◆ WORK TO COMPLETE ◆
Starting from the first line below, copy the whole listing exactly.

--

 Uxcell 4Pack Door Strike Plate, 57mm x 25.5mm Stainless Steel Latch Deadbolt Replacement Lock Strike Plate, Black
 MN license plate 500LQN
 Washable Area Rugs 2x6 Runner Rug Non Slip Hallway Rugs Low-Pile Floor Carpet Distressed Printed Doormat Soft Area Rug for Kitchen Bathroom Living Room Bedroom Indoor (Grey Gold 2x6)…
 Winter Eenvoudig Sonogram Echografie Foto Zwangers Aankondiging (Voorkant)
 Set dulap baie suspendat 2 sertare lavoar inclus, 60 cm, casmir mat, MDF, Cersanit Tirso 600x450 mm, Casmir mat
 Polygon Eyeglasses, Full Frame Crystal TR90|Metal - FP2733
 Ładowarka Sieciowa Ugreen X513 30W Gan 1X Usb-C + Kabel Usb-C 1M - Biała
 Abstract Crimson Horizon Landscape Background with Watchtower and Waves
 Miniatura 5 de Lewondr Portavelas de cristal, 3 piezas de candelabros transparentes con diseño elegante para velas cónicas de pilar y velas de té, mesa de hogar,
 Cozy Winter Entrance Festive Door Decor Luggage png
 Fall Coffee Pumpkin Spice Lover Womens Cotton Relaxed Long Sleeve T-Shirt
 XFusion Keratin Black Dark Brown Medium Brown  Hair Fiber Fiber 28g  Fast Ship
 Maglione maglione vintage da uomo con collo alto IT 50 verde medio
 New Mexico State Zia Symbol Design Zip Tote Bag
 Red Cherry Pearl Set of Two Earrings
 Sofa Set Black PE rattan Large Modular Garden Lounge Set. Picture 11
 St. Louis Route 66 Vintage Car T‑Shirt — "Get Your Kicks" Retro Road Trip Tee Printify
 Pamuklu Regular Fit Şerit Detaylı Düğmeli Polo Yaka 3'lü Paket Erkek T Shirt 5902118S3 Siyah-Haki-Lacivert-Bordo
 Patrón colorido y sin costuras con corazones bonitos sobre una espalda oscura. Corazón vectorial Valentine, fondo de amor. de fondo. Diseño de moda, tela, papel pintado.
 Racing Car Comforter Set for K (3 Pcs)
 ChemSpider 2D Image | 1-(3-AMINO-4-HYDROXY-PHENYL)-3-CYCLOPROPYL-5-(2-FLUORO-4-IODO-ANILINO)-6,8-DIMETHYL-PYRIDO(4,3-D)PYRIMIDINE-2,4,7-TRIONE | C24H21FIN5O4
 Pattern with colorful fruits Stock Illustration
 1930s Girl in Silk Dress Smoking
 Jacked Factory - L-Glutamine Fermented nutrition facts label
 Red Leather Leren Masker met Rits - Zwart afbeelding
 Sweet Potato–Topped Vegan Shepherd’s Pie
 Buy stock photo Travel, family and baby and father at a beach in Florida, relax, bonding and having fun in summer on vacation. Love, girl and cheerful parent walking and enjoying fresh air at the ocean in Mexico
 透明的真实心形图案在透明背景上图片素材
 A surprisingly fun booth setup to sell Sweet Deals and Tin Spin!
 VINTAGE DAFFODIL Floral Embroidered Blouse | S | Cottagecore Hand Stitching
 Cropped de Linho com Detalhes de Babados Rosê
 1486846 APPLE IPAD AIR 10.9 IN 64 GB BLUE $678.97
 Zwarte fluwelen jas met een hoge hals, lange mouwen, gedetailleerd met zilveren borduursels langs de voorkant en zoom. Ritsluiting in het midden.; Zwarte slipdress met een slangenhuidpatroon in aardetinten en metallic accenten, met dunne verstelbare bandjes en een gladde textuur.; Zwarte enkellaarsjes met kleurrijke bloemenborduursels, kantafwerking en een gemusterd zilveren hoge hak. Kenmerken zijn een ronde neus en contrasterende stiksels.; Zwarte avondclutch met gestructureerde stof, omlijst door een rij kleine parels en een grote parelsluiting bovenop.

--

◆ ANSWER TO THIS PROBLEM ◆
 Uxcell 4Pack Door Strike Plate, 57mm x 25.5mm Stainless Steel Latch Deadbolt Replacement Lock Strike Plate, Black
 MN license plate 500LQN
 Washable Area Rugs 2x6 Runner Rug Non Slip Hallway Rugs Low-Pile Floor Carpet Distressed Printed Doormat Soft Area Rug for Kitchen Bathroom Living Room Bedroom Indoor (Grey Gold 2x6)…
 Winter Eenvoudig Sonogram Echografie Foto Zwangers Aankondiging (Voorkant)
 Set dulap baie suspendat 2 sertare lavoar inclus, 60 cm, casmir mat, MDF, Cersanit Tirso 600x450 mm, Casmir mat
 Polygon Eyeglasses, Full Frame Crystal TR90|Metal - FP2733
 Ładowarka Sieciowa Ugreen X513 30W Gan 1X Usb-C + Kabel Usb-C 1M - Biała
 Abstract Crimson Horizon Landscape Background with Watchtower and Waves
 Miniatura 5 de Lewondr Portavelas de cristal, 3 piezas de candelabros transparentes con diseño elegante para velas cónicas de pilar y velas de té, mesa de hogar,
 Cozy Winter Entrance Festive Door Decor Luggage png
 Fall Coffee Pumpkin Spice Lover Womens Cotton Relaxed Long Sleeve T-Shirt
 XFusion Keratin Black Dark Brown Medium Brown  Hair Fiber Fiber 28g  Fast Ship
 Maglione maglione vintage da uomo con collo alto IT 50 verde medio
 New Mexico State Zia Symbol Design Zip Tote Bag
 Red Cherry Pearl Set of Two Earrings
 Sofa Set Black PE rattan Large Modular Garden Lounge Set. Picture 11
 St. Louis Route 66 Vintage Car T‑Shirt — "Get Your Kicks" Retro Road Trip Tee Printify
 Pamuklu Regular Fit Şerit Detaylı Düğmeli Polo Yaka 3'lü Paket Erkek T Shirt 5902118S3 Siyah-Haki-Lacivert-Bordo
 Patrón colorido y sin costuras con corazones bonitos sobre una espalda oscura. Corazón vectorial Valentine, fondo de amor. de fondo. Diseño de moda, tela, papel pintado.
 Racing Car Comforter Set for K (3 Pcs)
 ChemSpider 2D Image | 1-(3-AMINO-4-HYDROXY-PHENYL)-3-CYCLOPROPYL-5-(2-FLUORO-4-IODO-ANILINO)-6,8-DIMETHYL-PYRIDO(4,3-D)PYRIMIDINE-2,4,7-TRIONE | C24H21FIN5O4
 Pattern with colorful fruits Stock Illustration
 1930s Girl in Silk Dress Smoking
 Jacked Factory - L-Glutamine Fermented nutrition facts label
 Red Leather Leren Masker met Rits - Zwart afbeelding
 Sweet Potato–Topped Vegan Shepherd’s Pie
 Buy stock photo Travel, family and baby and father at a beach in Florida, relax, bonding and having fun in summer on vacation. Love, girl and cheerful parent walking and enjoying fresh air at the ocean in Mexico
 透明的真实心形图案在透明背景上图片素材
 A surprisingly fun booth setup to sell Sweet Deals and Tin Spin!
 VINTAGE DAFFODIL Floral Embroidered Blouse | S | Cottagecore Hand Stitching
 Cropped de Linho com Detalhes de Babados Rosê
 1486846 APPLE IPAD AIR 10.9 IN 64 GB BLUE $678.97
 Zwarte fluwelen jas met een hoge hals, lange mouwen, gedetailleerd met zilveren borduursels langs de voorkant en zoom. Ritsluiting in het midden.; Zwarte slipdress met een slangenhuidpatroon in aardetinten en metallic accenten, met dunne verstelbare bandjes en een gladde textuur.; Zwarte enkellaarsjes met kleurrijke bloemenborduursels, kantafwerking en een gemusterd zilveren hoge hak. Kenmerken zijn een ronde neus en contrasterende stiksels.; Zwarte avondclutch met gestructureerde stof, omlijst door een rij kleine parels en een grote parelsluiting bovenop.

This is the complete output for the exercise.